French producer, director and screenwriter (died 2022)

Chantal Poupaud ( Richard; died 21 June 2022) was a French film producer, director and screenwriter. After starting out as a press attachée, she was behind the 1990s Arte series Tous les garçons et les filles de leur âge.

==Biography==
Poupaud grew up in Brissac-Quincé in Maine-et-Loire. She worked to promote the films of Marguerite Duras for seven years, as well as films directed by Raúl Ruiz, Benoît Jacquot, Chantal Akerman, Lino Brocka, Aki Kaurismäki, and Wim Wenders.

At the start of the 1990s, Poupaud discovered the idea for Tous les garçons et les filles de leur âge while watching her two sons, Yarol, aged 18 and Melvil, aged 14. She believed that being a teenager was the same for all, despite different circumstances. She then invented the idea of a series of films on adolescence. Her series was broadcast in 1994 and received critical acclaim.
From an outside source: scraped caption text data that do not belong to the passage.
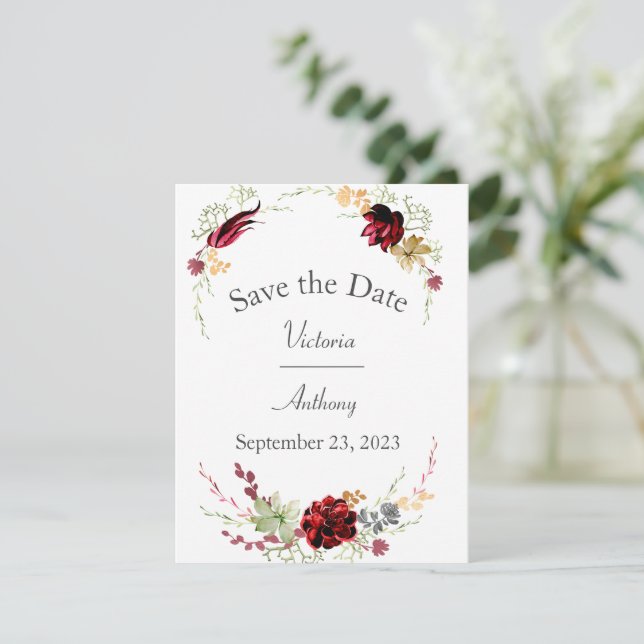 Elegant Burgundy Marsala Succulents Wedding Save Save The Date (Standing Front)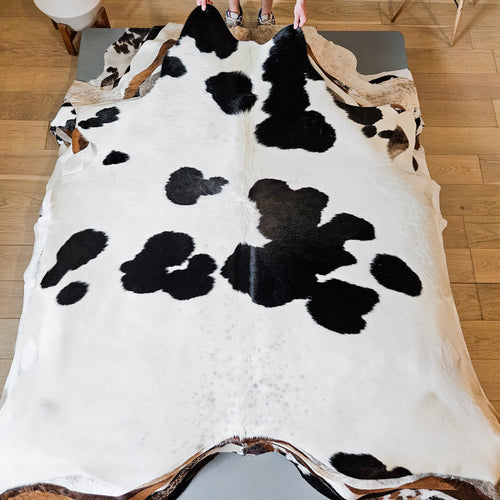 Brazilian Black and White Cowhide Rug Size 7'0" L x 6'7" W 9340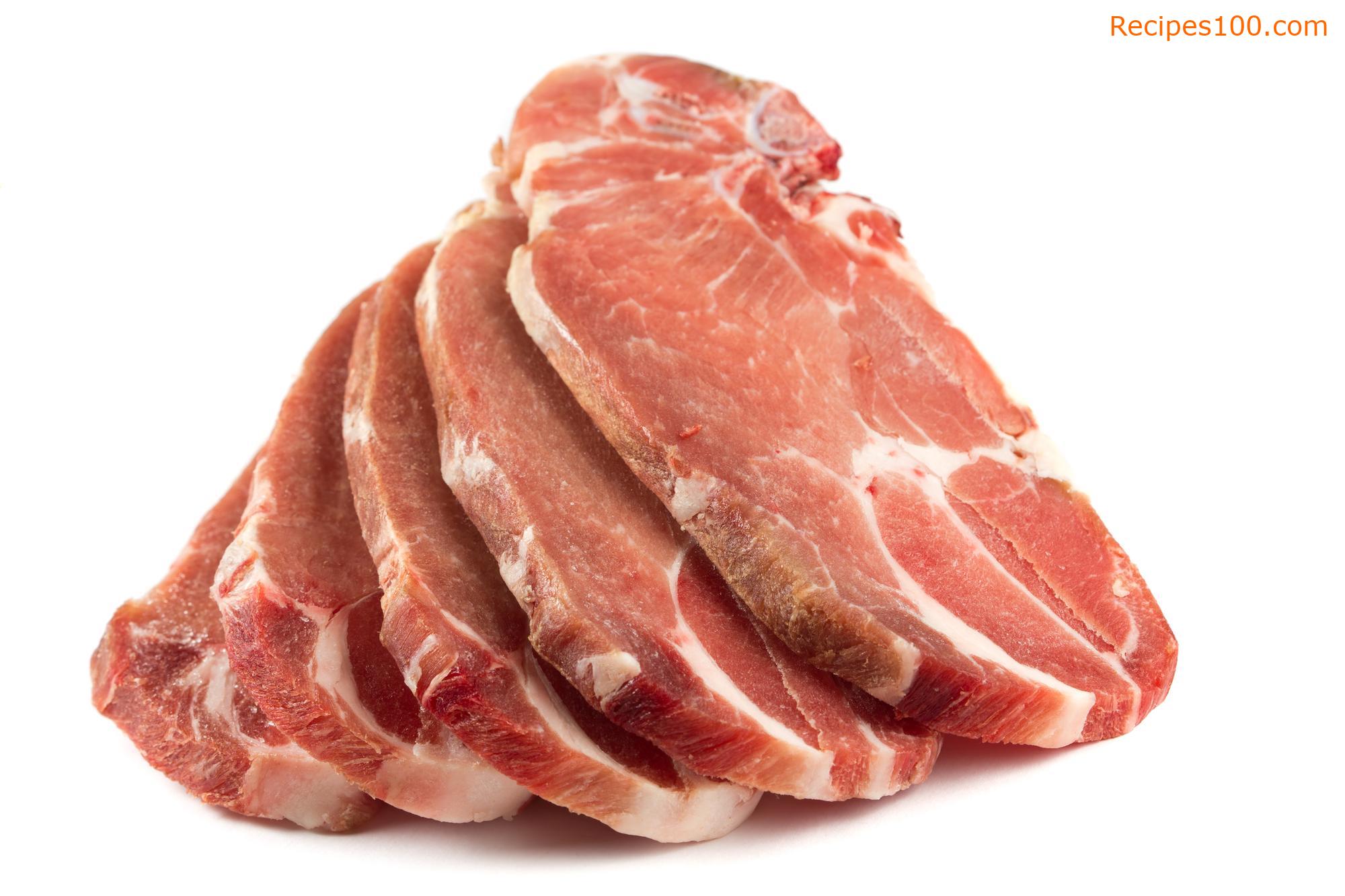 Pork chops in black beer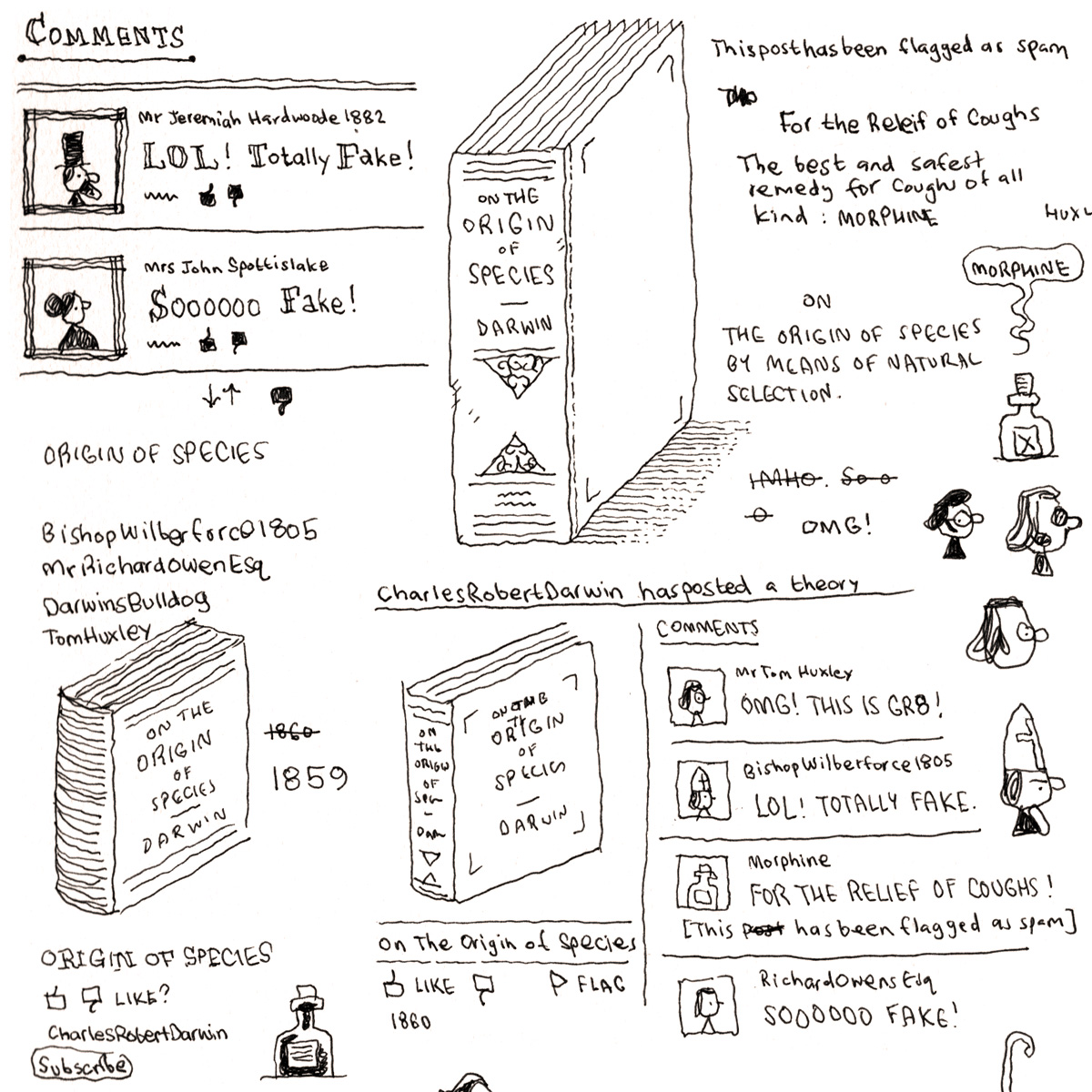 A cartoon (and some relevant doodles) from my new book `Department of Mind-Blowing Theories' which is out tomorrow in North America from @DandQ: https://t.co/8aNdWyOwH9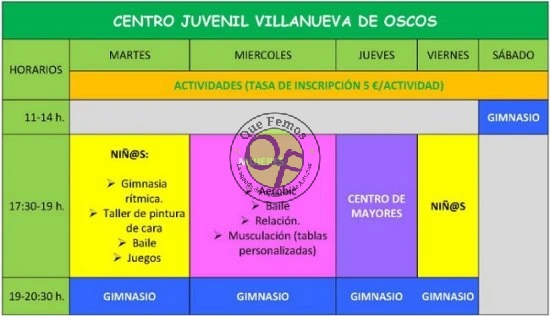 Actividades en Villanueva de Oscos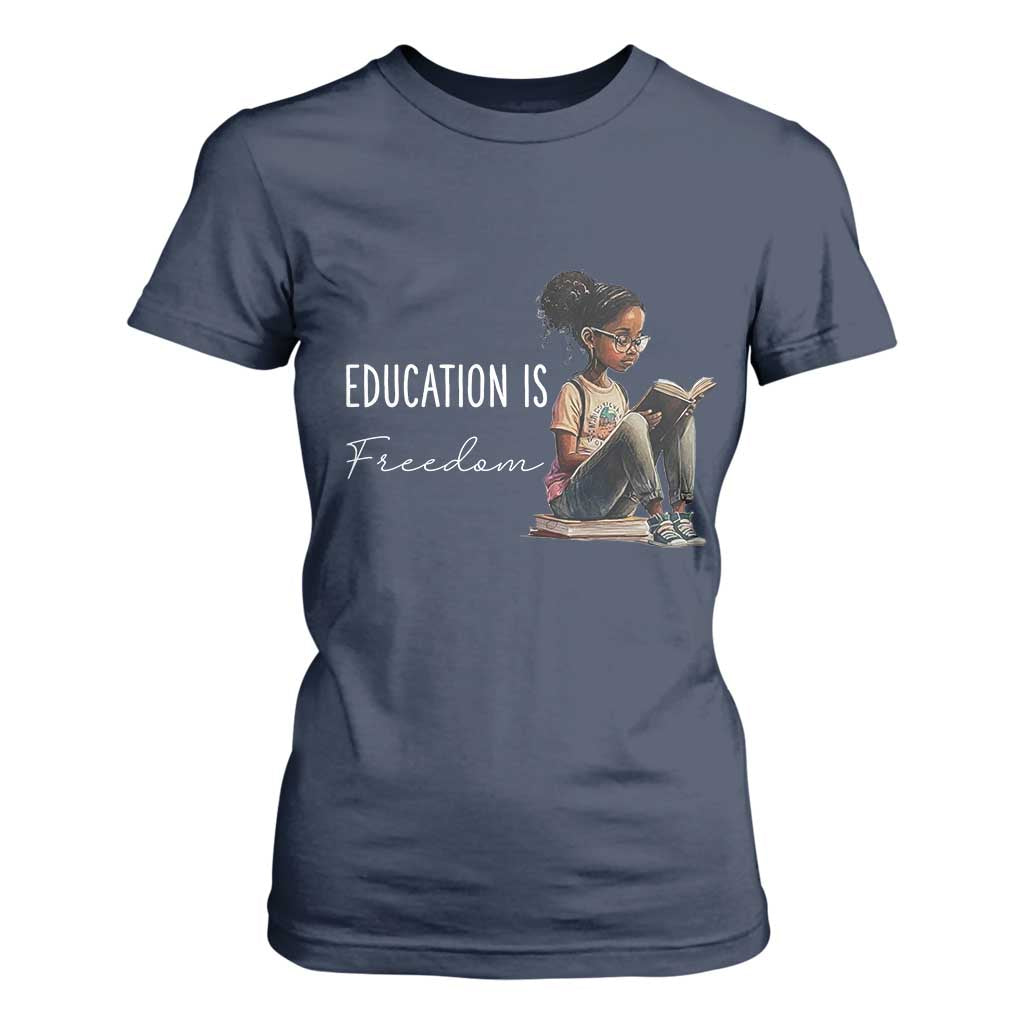 Education Freedom T Shirt For Women Black Teacher Books - African Pride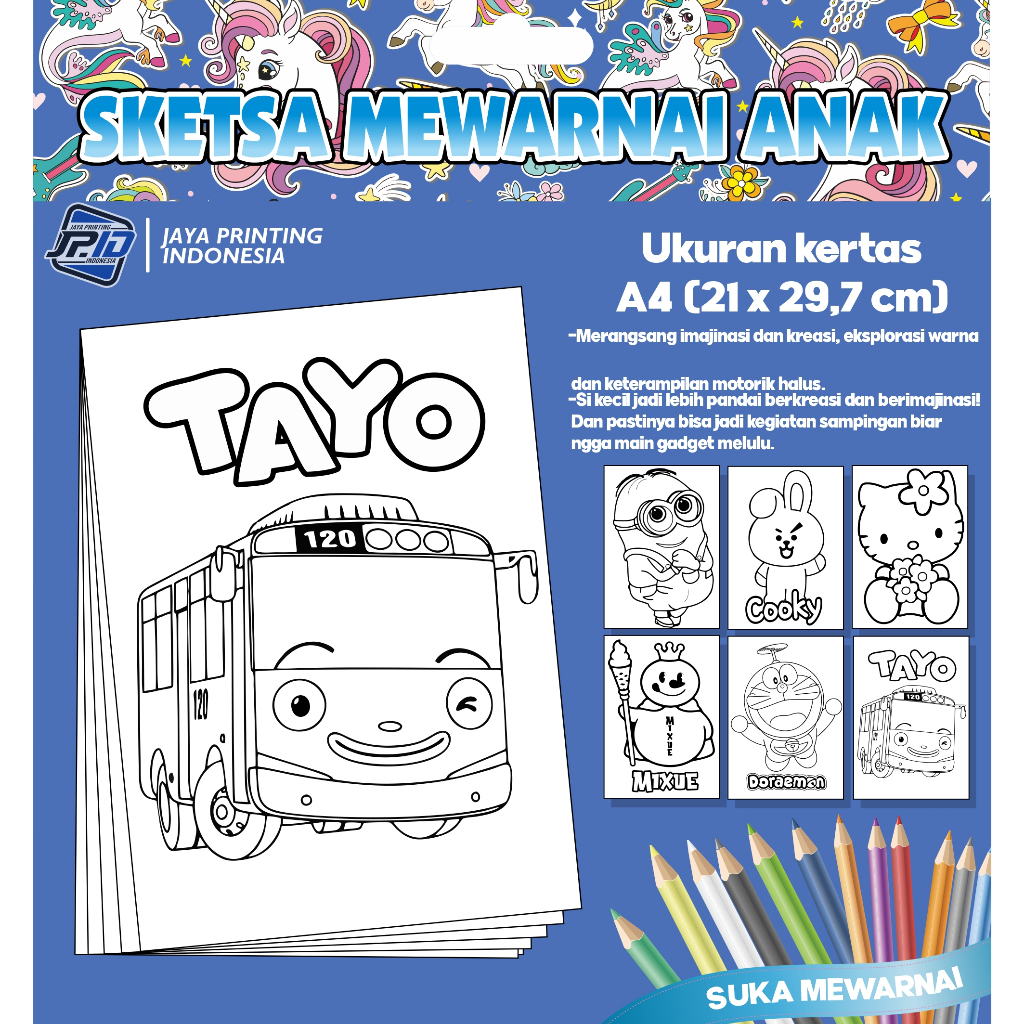Gambar Mewarnai Doraemon Hello Kity Mixue - Kertas Sketsa Animasi Tayo, Minion Untuk Anak PAUD TK SD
In the late 1990s, Poupaud experienced health problems, inspiring her to create a series based on "a heroine who finds herself facing a therapist after having found herself struggling with her body". She produced a series titled Toutes les femmes sont folles and the Jacquot-directed 1997 film Seventh Heaven, both based on this idea.

Chantal Poupaud died on 21 June 2022.

== Filmography ==
=== Producer ===
- Tous les garçons et les filles de leur âge (1994)
- Seventh Heaven (1997)
- Under the Sand (2000)
- Crossdresser (2010)

=== Director ===
- Maurice le mauricien (2000)
- Crossdresser (2010)

=== Screenwriter ===
- Riviera (2005)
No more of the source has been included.